You are viewing a plain text version of this content. The canonical link for it is here.
Posted to commits@airflow.apache.org by "Anton Cherkasov (JIRA)" <ji...@apache.org> on 2019/04/12 16:29:00 UTC

[jira] [Created] (AIRFLOW-4298) Scheduler can't communicate with Postgres as Metadata DB after upgrade from 1.10.2 to 1.10.3

Anton Cherkasov created AIRFLOW-4298:
----------------------------------------

             Summary: Scheduler can't communicate with Postgres as Metadata DB after upgrade from 1.10.2 to 1.10.3
                 Key: AIRFLOW-4298
                 URL: https://issues.apache.org/jira/browse/AIRFLOW-4298
             Project: Apache Airflow
          Issue Type: Bug
          Components: scheduler
    Affects Versions: 1.10.3
         Environment: Main host with airflow services: Cent-OS 7, Python 3.6.1.

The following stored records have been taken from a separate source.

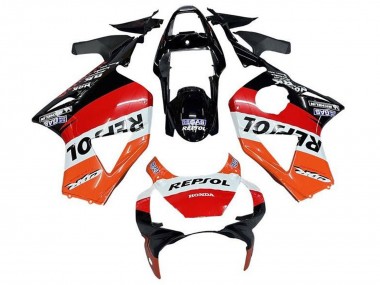 Custom 2002-2003 Honda CBR900RR 954 Motorcycle Fairings - White Orange Red Glossy Black Repsol UK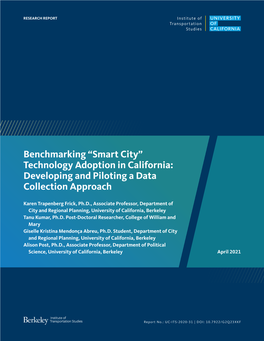 Technology Adoption in California: Developing and Piloting a Data Collection Approach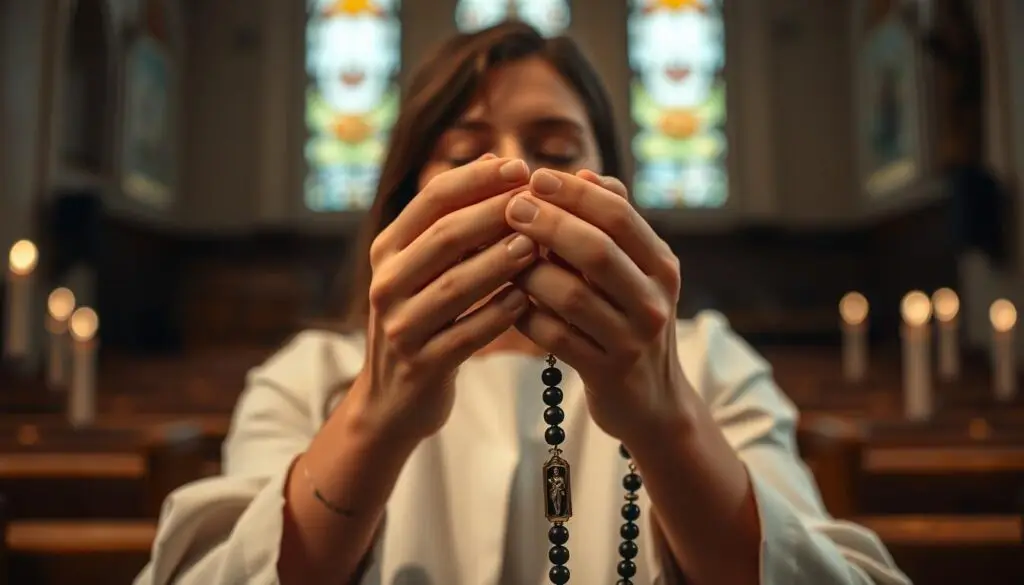 Osoba modląca się na różańcu w spokojnym otoczeniu - tajemnice różańca świętego ściąga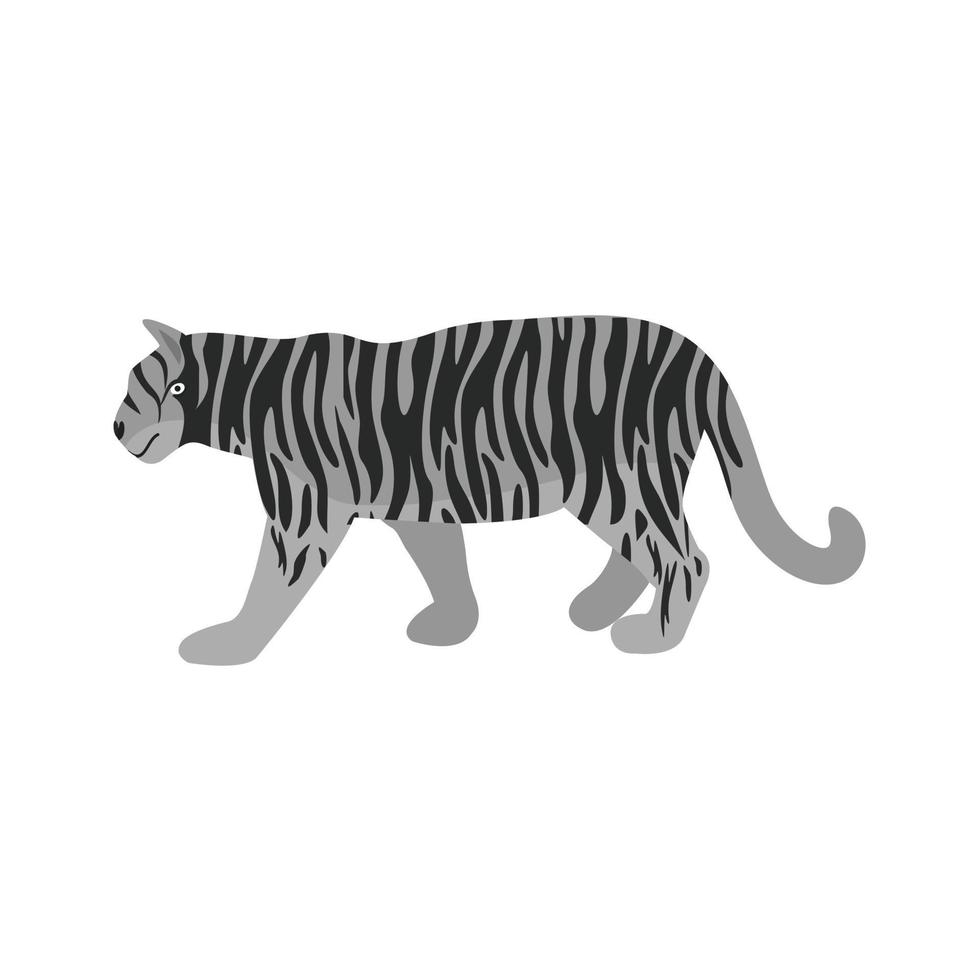 icône de tigre plat en niveaux de gris vecteur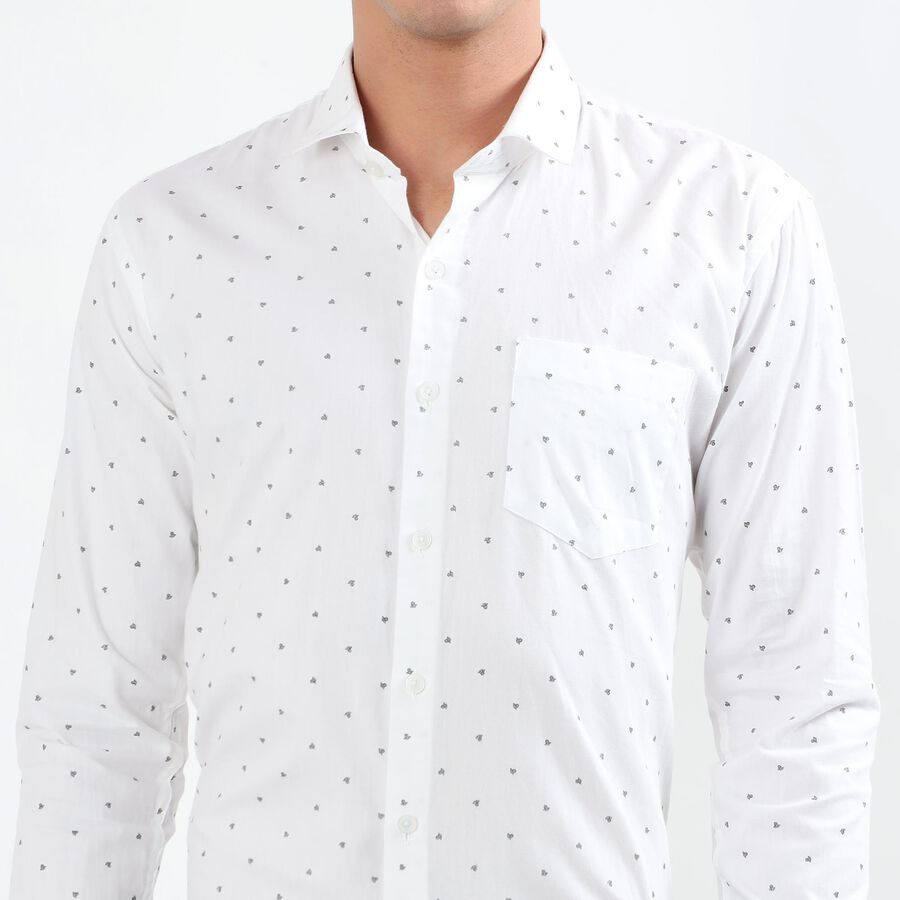 Men's White Cotton Printed Classic Collar Formal Shirt, सफ़ेद, large image number null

DB - official Docker image with Postgresql 11.2-alpine
            Reporter: Anton Cherkasov


I have some strange issue with scheduler after upgrade to 1.10.3 from 1.10.2. DAG tasks runs only once. After that scheduler logs looks like this:
{noformat}
Apr 11 09:21:33 airflow.infra airflow[32739]: [2019-04-11 09:21:33,094] {{sqlalchemy.py:81}} WARNING - DB connection invalidated. Reconnecting...

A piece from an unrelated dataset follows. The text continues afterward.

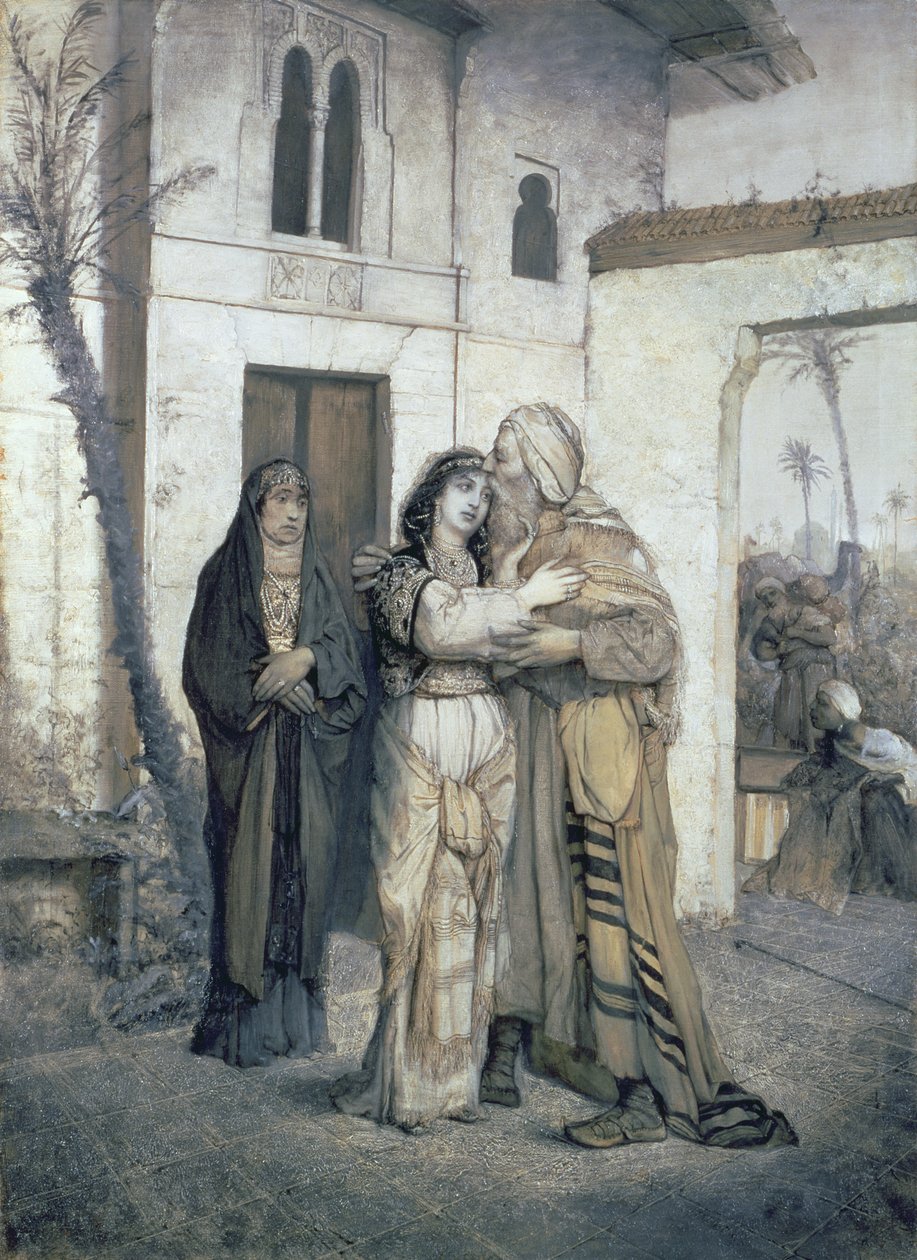 Nathan hälsades av Rachel, 1876 av Maurycy Gottlieb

Apr 11 09:21:44 airflow.infra airflow[32739]: [2019-04-11 09:21:44,105] {{sqlalchemy.py:81}} WARNING - DB connection invalidated. Reconnecting...
Apr 11 09:21:55 airflow.infra airflow[32739]: [2019-04-11 09:21:55,114] {{sqlalchemy.py:81}} WARNING - DB connection invalidated. Reconnecting...

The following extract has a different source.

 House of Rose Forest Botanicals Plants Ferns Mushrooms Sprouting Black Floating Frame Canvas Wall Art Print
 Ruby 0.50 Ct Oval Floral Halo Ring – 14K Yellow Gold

Apr 11 09:22:06 airflow.infra airflow[32739]: [2019-04-11 09:22:06,123] {{sqlalchemy.py:81}} WARNING - DB connection invalidated. Reconnecting...
Apr 11 09:22:17 airflow.infra airflow[32739]: [2019-04-11 09:22:17,131] {{sqlalchemy.py:81}} WARNING - DB connection invalidated. Reconnecting...
Apr 11 09:22:28 airflow.infra airflow[32739]: [2019-04-11 09:22:28,143] {{sqlalchemy.py:81}} WARNING - DB connection invalidated. Reconnecting...
{noformat}
Logs from Scheduler with *DEBUG* level:
{noformat}
Apr 11 09:00:47 airflow.infra airflow[17403]: [2019-04-11 09:00:47,720] {{settings.py:154}} DEBUG - Setting up DB connection pool (PID 17447)
Apr 11 09:00:47 airflow.infra airflow[17403]: [2019-04-11 09:00:47,720] {{settings.py:182}} INFO - settings.configure_orm(): Using pool settings. pool_size=100, pool_recycle=3600, pid=17447
Apr 11 09:00:48 airflow.infra airflow[17403]: [2019-04-11 09:00:48,450] {{settings.py:206}} DEBUG - Disposing DB connection pool (PID 17449)
Apr 11 09:00:48 airflow.infra airflow[17403]: [2019-04-11 09:00:48,535] {{settings.py:206}} DEBUG - Disposing DB connection pool (PID 17448)
Apr 11 09:00:48 airflow.infra airflow[17403]: [2019-04-11 09:00:48,706] {{jobs.py:1663}} DEBUG - Sleeping for 1.00 seconds to prevent excessive logging
. . .
Apr 11 09:01:29 airflow.infra airflow[17403]: [2019-04-11 09:01:29,884] {{settings.py:206}} DEBUG - Disposing DB connection pool (PID 21866)
Apr 11 09:01:30 airflow.infra airflow[17403]: [2019-04-11 09:01:30,492] {{settings.py:206}} DEBUG - Disposing DB connection pool (PID 21865)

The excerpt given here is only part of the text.